--- Task data Enclosed Below ---
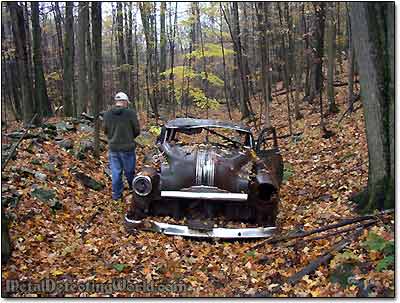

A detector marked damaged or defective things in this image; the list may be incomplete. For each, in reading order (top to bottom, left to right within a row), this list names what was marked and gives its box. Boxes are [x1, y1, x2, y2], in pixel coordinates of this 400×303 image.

abandoned rusty car [125, 119, 284, 240]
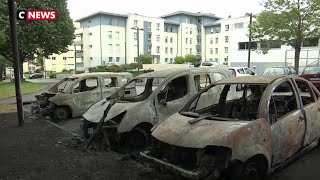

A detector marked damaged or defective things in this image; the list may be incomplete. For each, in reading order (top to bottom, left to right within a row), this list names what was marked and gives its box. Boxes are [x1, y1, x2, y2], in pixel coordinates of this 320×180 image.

damaged vehicle [31, 72, 132, 121]
burned car [31, 72, 132, 121]
charred vehicle [31, 72, 132, 121]
destroyed car [32, 72, 132, 121]
damaged vehicle [80, 67, 230, 149]
destroyed car [81, 67, 231, 149]
charred vehicle [81, 67, 231, 149]
burned car [81, 67, 231, 149]
damaged vehicle [141, 75, 320, 179]
burned car [141, 75, 320, 180]
destroyed car [141, 75, 320, 180]
charred vehicle [142, 75, 320, 180]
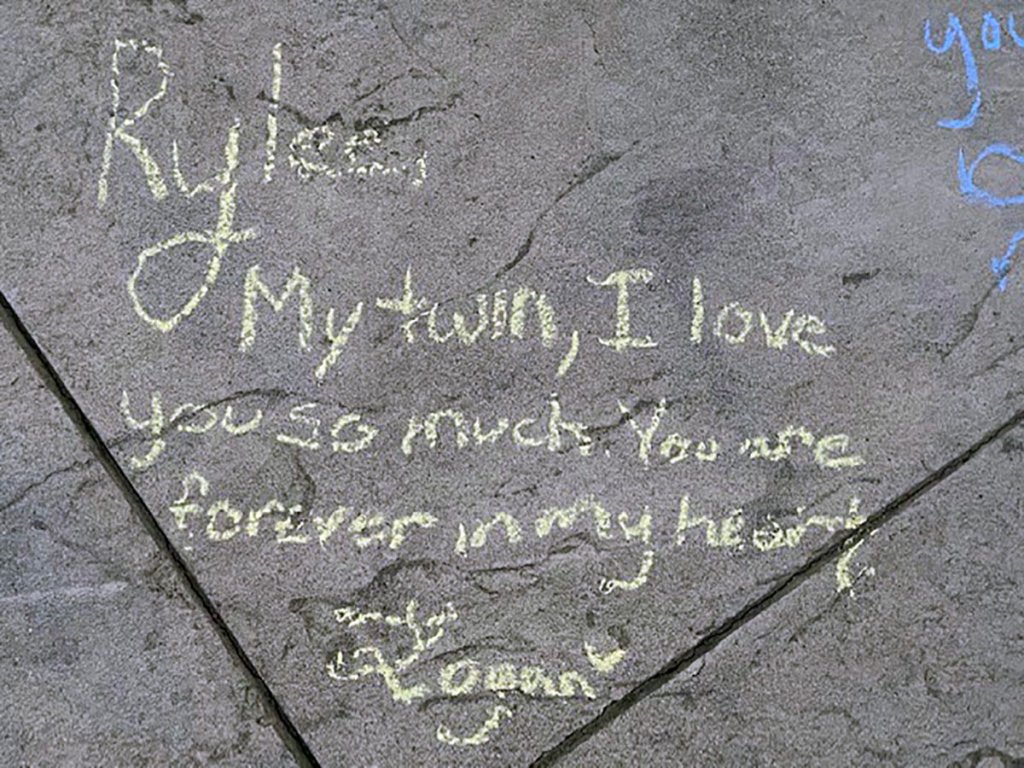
--- End of Enclosed Task data ---
§ Exercise description
All of the records above are to be written out exactly, minus their images.

§ Exercise response
A detector marked damaged or defective things in this image; the list may be incomplete. For each, in reading order (top to bottom, left to right within a row), this list names what was marked and gives its box. Boxes are [x1, y1, x2, y2], in pixel coordinates of this 400×303 image.

abandoned rusty car [125, 119, 284, 240]

A detector marked damaged or defective things in this image; the list may be incomplete. For each, in reading order (top to bottom, left to right within a row), this list names what was marked and gives its box. Boxes are [x1, y1, x2, y2], in pixel coordinates of this 320×180 image.

damaged vehicle [31, 72, 132, 121]
burned car [31, 72, 132, 121]
charred vehicle [31, 72, 132, 121]
destroyed car [32, 72, 132, 121]
damaged vehicle [80, 67, 230, 149]
destroyed car [81, 67, 231, 149]
charred vehicle [81, 67, 231, 149]
burned car [81, 67, 231, 149]
damaged vehicle [141, 75, 320, 179]
burned car [141, 75, 320, 180]
destroyed car [141, 75, 320, 180]
charred vehicle [142, 75, 320, 180]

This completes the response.